A quick look back at some number 2 drivers that rejected that role adds a little perspective. In 1981, Williams driver, Carlos Reutemann flatly refused to let his teammate, reigning Champion Alan Jones, through for the win in Brazil despite the fact that team orders were clearly displayed on the pit board. This set up an uneasiness between the two that continued through the season. With Reutemann in the points lead at season’s end, Jones stated that he “wouldn’t do a damn thing” to assist in Reutemann’s quest for the title. Jones took the race win in the finale, as Reutemann lost the championship to Nelson Piquet by one point.
In 1982, we saw two different ‘number 2’ drivers step out of bounds. With team cars running 1-2 in the waning laps at San Marino, Ferrari driver Didier Pironi balked team orders to ‘hold position’ when he chopped directly across the front wing of his teammate, Gilles Villeneuve, to steal the win. Villeneuve was so incensed that he swore to never speak to Pironi again. Sadly, Villeneuve never did speak to his teammate again, losing his life in a crash a few weeks later at Zolder.
That same season, Rene Arnoux, driving for Renault, was none too happy with being upstaged by his younger teammate Alain Prost. With national pride on the line, Arnoux refused to hand Prost the win at the French Grand Prix, a move that ultimately handed the championship to the Williams team.
In 1986 young Nigel Mansell was paired with two-time champion Nelson Piquet at Williams.
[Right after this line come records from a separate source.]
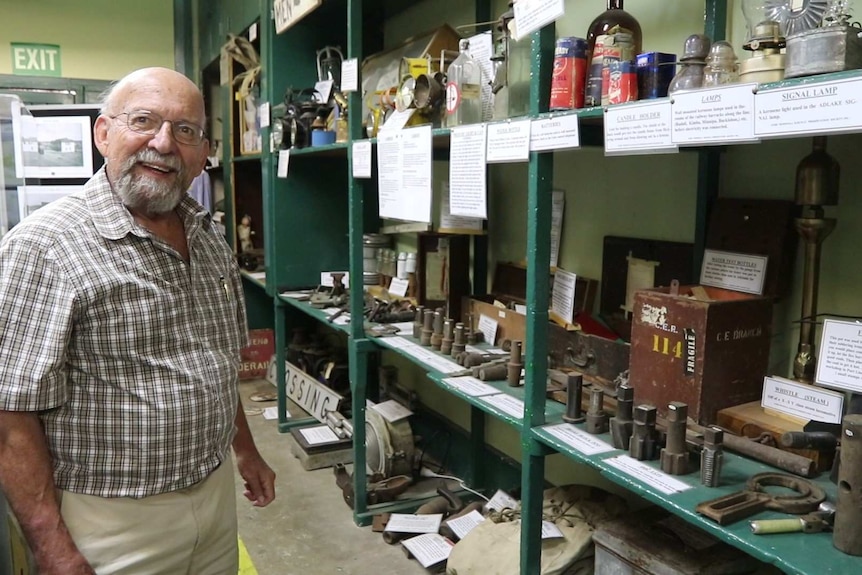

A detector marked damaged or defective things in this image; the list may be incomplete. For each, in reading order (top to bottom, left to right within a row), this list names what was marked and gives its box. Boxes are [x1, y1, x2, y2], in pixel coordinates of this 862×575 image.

rusty tool [588, 390, 608, 434]
rusty tool [612, 388, 636, 450]
rusty tool [632, 404, 660, 464]
rusty tool [664, 402, 692, 474]
rusty tool [704, 426, 724, 488]
rusty tool [696, 472, 832, 528]
rusty tool [748, 504, 836, 536]
rusty tool [836, 416, 862, 556]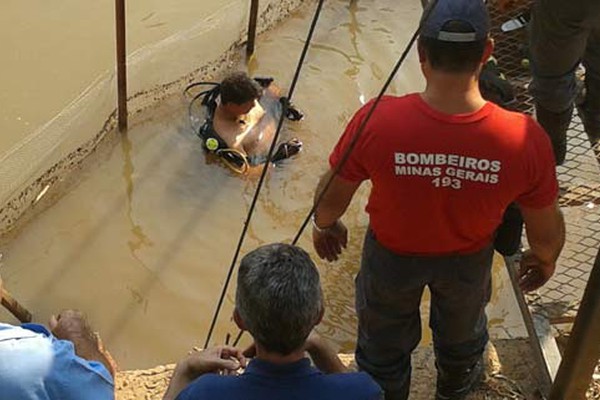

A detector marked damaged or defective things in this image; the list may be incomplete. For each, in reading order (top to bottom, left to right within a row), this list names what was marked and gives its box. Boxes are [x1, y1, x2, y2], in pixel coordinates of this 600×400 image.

rusty metal pole [552, 248, 600, 398]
The conflict was epic between the young buck trying to make a name for himself, and the established champion protecting his turf. The two were so intent on taking points from one another over the course of the season, that Alain Prost ended up taking the championship for McLaren.
During a stretch that saw him win five consecutive titles, Michael Schumacher had a contract with Ferrari that ensured his number 1 status. While teammate Reubens Barrichello certainly adhered to his contract, it was not without controversy. In 2002, Barrichello was headed for a certain win in Austria when the team order came through to yield to Schumacher. Barrichello obliged, but he did so by slowing dramatically right before the line, making the farce blatantly obvious to the entire world. His actions resulted in fines to the team, and the creation of an unenforceable rule abolishing team orders in the series.
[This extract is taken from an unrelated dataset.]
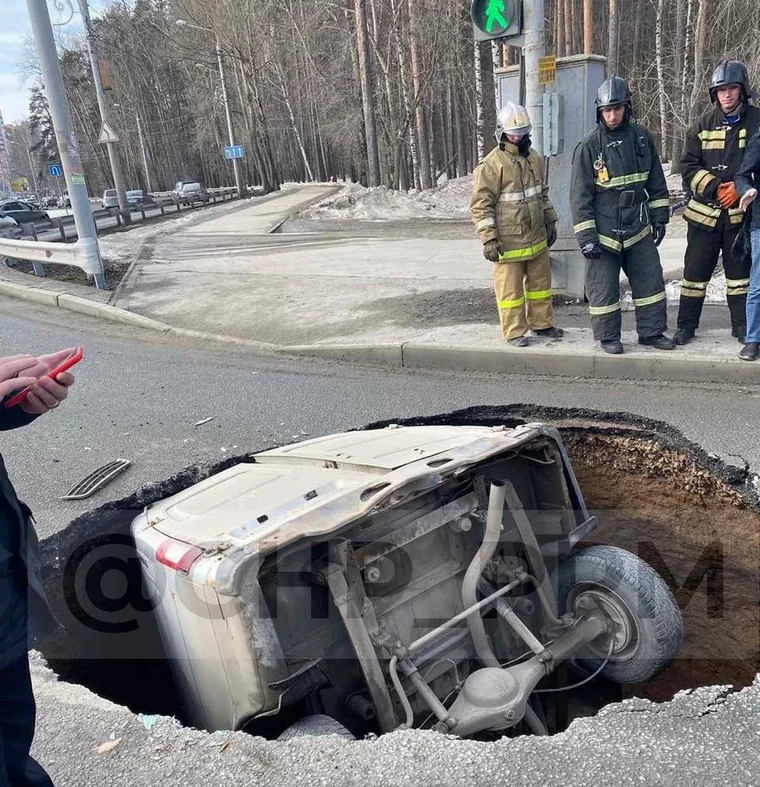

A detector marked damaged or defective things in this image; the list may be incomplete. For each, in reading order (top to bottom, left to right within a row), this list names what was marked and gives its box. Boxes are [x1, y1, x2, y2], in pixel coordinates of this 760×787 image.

overturned white car [132, 424, 684, 740]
Of course, all of these rivalries pale in comparison to the tumultuous relationship shared between Alain Prost and Ayrton Senna at McLaren between 1988 and 1989. With two of the finest drivers in F1 history simultaneously employed by the top team of the era, sparks were sure to fly.
Prost, who had two championships under his belt when Senna joined the team, accused his younger teammate of dangerous driving amidst claims that Senna was getting preferential treatment from the engine supplier, Honda. All of this animosity famously came to a head during the season-ending Japanese Grand Prix in 1989 where the two collided on the track, handing Prost the title.
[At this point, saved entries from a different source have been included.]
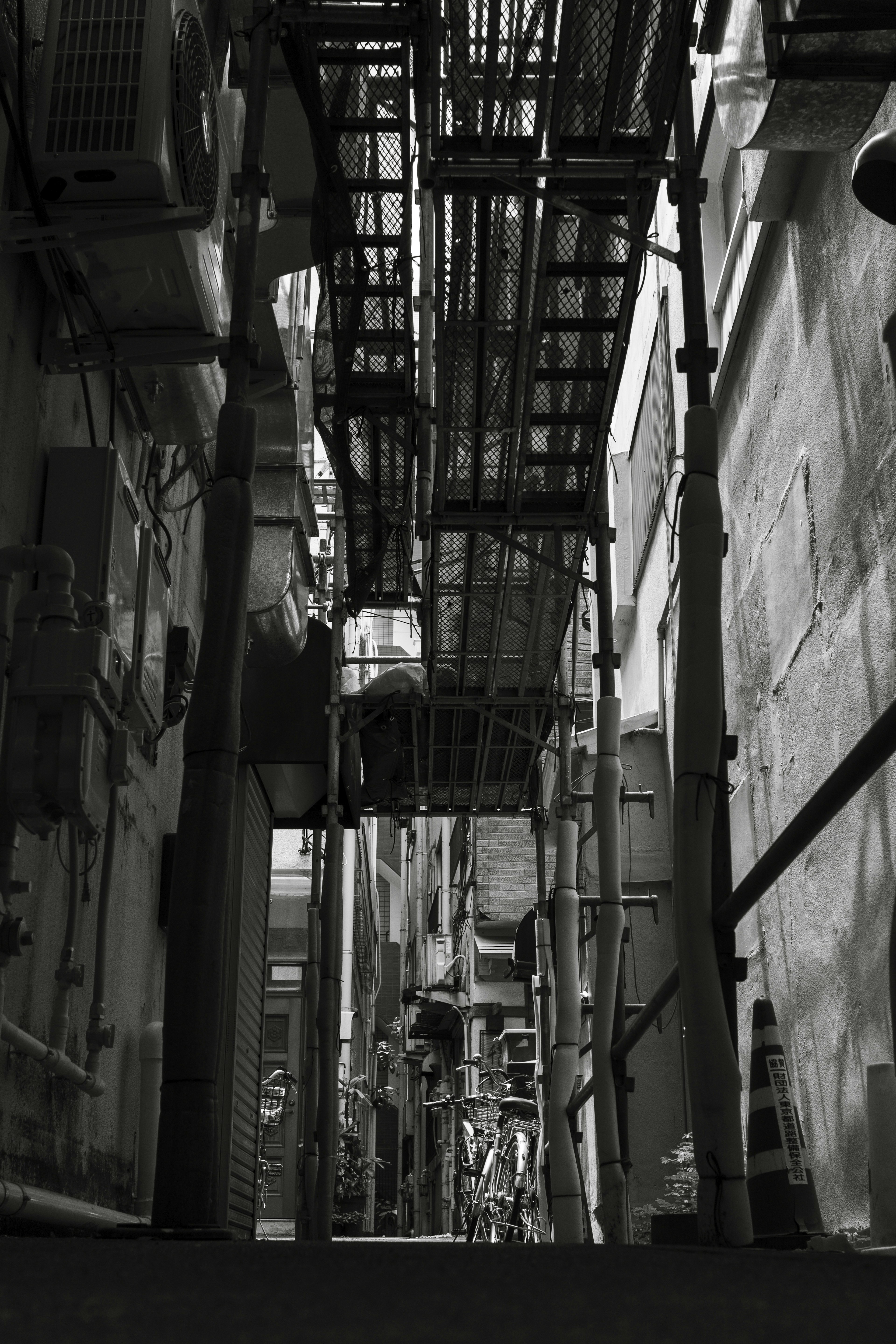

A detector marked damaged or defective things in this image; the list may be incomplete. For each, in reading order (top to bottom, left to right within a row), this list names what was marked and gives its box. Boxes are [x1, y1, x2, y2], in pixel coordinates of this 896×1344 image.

cracked concrete wall [0, 244, 205, 1220]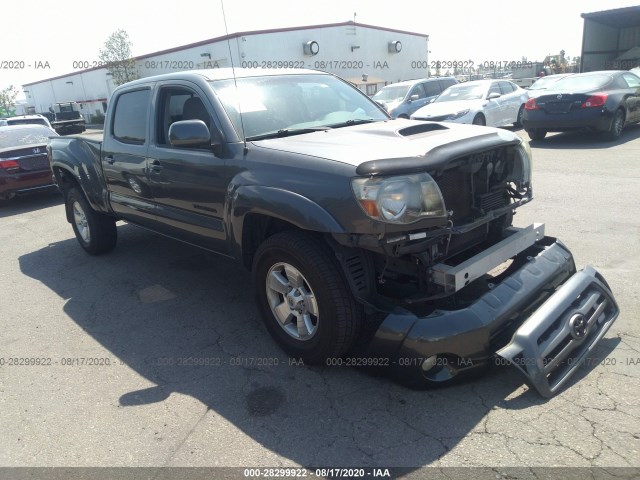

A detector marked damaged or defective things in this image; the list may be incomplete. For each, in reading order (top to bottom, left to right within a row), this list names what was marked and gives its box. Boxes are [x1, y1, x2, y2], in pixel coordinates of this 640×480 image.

damaged toyota tacoma [48, 67, 620, 398]
exposed headlight assembly [352, 173, 448, 224]
crumpled front end [364, 233, 620, 398]
detached front bumper [368, 236, 616, 398]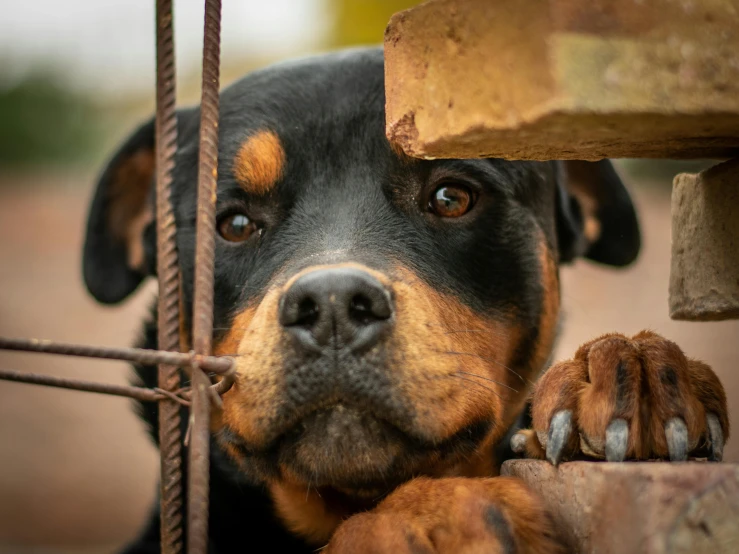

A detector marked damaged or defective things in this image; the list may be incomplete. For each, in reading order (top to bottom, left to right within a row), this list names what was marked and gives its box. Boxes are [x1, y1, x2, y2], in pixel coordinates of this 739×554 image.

rusty metal rod [1, 368, 191, 404]
rust on metal [0, 336, 233, 370]
rusty metal rod [0, 334, 234, 374]
rusty metal rod [155, 0, 185, 548]
rust on metal [155, 0, 185, 548]
rust on metal [188, 0, 223, 548]
rusty metal rod [188, 1, 223, 548]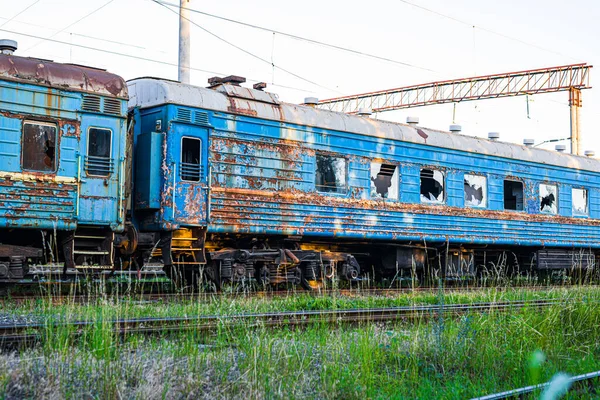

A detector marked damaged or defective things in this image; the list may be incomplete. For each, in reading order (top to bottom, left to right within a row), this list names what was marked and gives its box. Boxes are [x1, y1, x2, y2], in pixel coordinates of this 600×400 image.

rusty gantry beam [318, 63, 592, 114]
broken window [22, 122, 57, 172]
broken window [86, 128, 113, 177]
broken window [180, 137, 202, 182]
rusty train car [1, 38, 600, 288]
broken window [314, 153, 346, 194]
rusty train car [126, 75, 600, 288]
broken window [370, 162, 398, 200]
shattered glass [370, 162, 398, 200]
broken window [422, 168, 446, 203]
shattered glass [422, 168, 446, 203]
broken window [464, 174, 488, 208]
shattered glass [464, 174, 488, 208]
broken window [504, 180, 524, 211]
shattered glass [540, 184, 556, 216]
broken window [540, 185, 556, 216]
broken window [568, 188, 588, 216]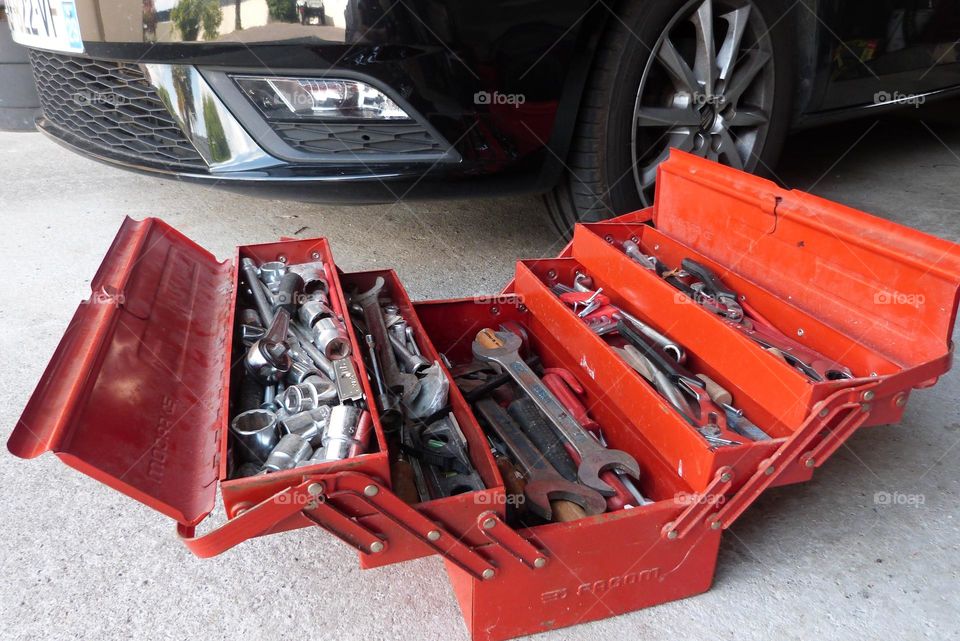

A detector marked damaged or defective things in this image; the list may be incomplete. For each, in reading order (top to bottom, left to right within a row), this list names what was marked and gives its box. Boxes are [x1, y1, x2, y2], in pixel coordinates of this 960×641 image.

rusty tool [476, 400, 604, 520]
rusty tool [470, 330, 636, 496]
In disgust, Prost left the team to join Ferrari in 1990, only to see his rivalry with Senna grow more epic in proportion. With the title on the line, the two once again collided in Japan, this time with Senna coming out on top. The press coverage through this period was incredible. Now, more than 25 years later, this rivalry is still referenced as one of the seminal moments in Grand Prix history.
Will the tensions between Lewis Hamilton and Nico Rosberg soon explode to the level that Prost and Senna experienced? Or will the politically-correct, overly-sanitized F1 that we see today force the boys to ‘play nice’ and rob the world of some true drama in the series?